Pour ces deux spectacles, une dizaine de semi-remorques sera nécessaire au transport des décors. En temps de travail, "on ne compte pas ! On y est depuis le mois de septembre voire le mois de mai quand on y a pensé avec Éric. Cet été pendant mes vacances je dessinais le fort du mur d'Hadrien et j'échangeais avec lui. En octobre on a lancé le chantier à l'atelier et on y est encore. La structure du mur est finie, on a attaqué la spina et il manquera le fort des légionnaires mais ça ira. Ensuite ? Eh bien on ne s'arrête plus pendant trois ans. On enchaîne déjà sur les prochaines années. C'est plaisant d'être débordé..."

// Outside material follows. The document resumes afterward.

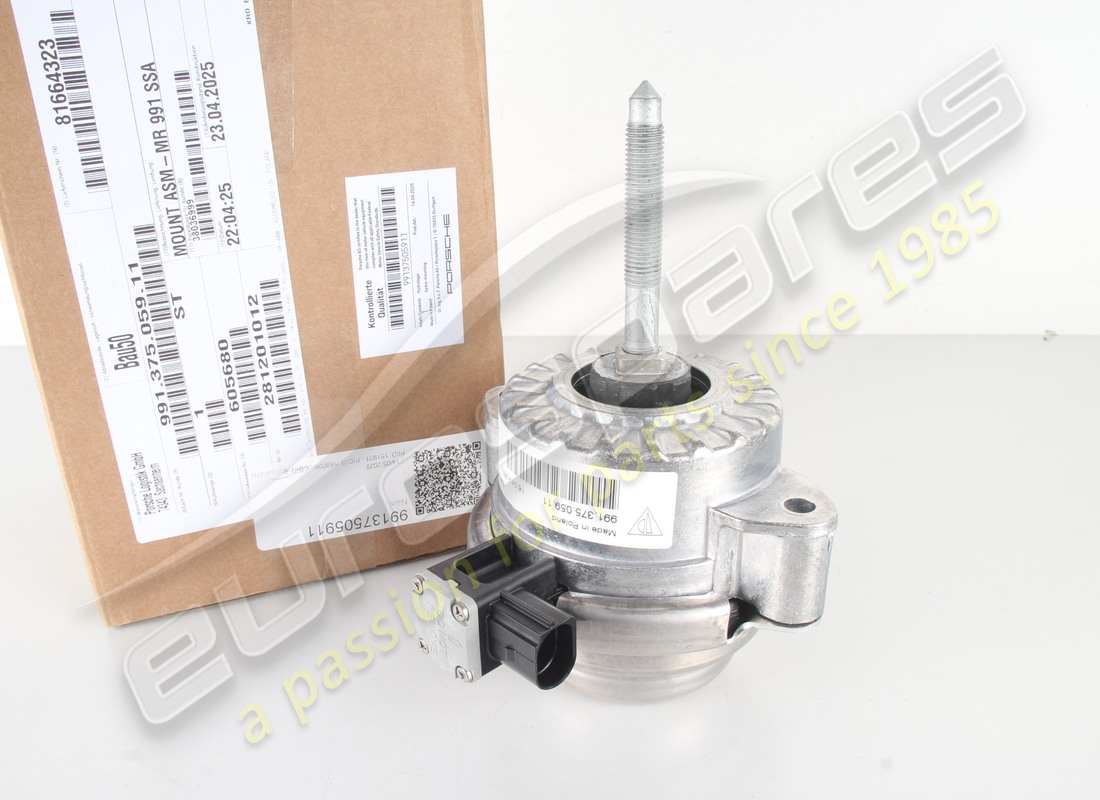 neue porsche hydro-lagerung (motorlager). teilenummer 99137505911 (3)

Comme toujours dans ses actions, Yann pense aux autres. Lors des Grands jeux romains, combien de jeunes des quartiers dits ''sensibles'' de la ville sont venus aider, découvrir cet univers et ont surpris reconstituteurs et public par leur investissement et leur curiosité ? Énormément ! "On ne va pas se le cacher, ces univers ne sont pas très accessibles... Les jeunes contribuent à éduquer ces gens-là en leur montrant que dans les quartiers on sait aussi participer. Et ça marche très bien ! Les reconstituteurs sont fascinés par leur engagement et moi qui suis un peu ''United Color of Benetton'', j'adore ça ! Je suis fils d'un ouvrier du bâtiment, fils d'immigré, j'ai deux grands-parents espagnols, un grand-père italien, je suis un tout petit peu Français mais on me prend pour un Gitan. Mon ex-femme est Polonaise, mes enfants ont des origines hongroises... Vive l'Europe et plus que ça !"

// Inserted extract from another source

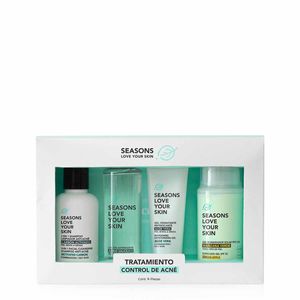Kit Tratamiento Control de Acné Seasons 4 pzas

Pour la Cité des Dieux comme pour Hadrien, le but du jeu sera de fédérer les Nîmois autour de ces animations en les intégrant au projet. Du bénévolat, évidemment, mais aussi des souvenirs non tarifés. Une association, Nîmes la romaine, va naître pour réveiller l'intérêt des gens. "On va lancer un appel. On demande déjà à ceux que l'on connaît de se fédérer et après les gens adhèreront. Il faut que ce soit indépendant. Un peu comme l'association des Amis de Nemaus, créée par Culturespaces, c'était une excellente idée du directeur Christophe Beth."
Les 6, 7, 8 mai : grand spectacle historique "Hadrien, la guerre des Pictes". Les 8, 9, 11, 12, 13, 15 août : grand spectacle son et lumières "Nîmes, Cité des Dieux".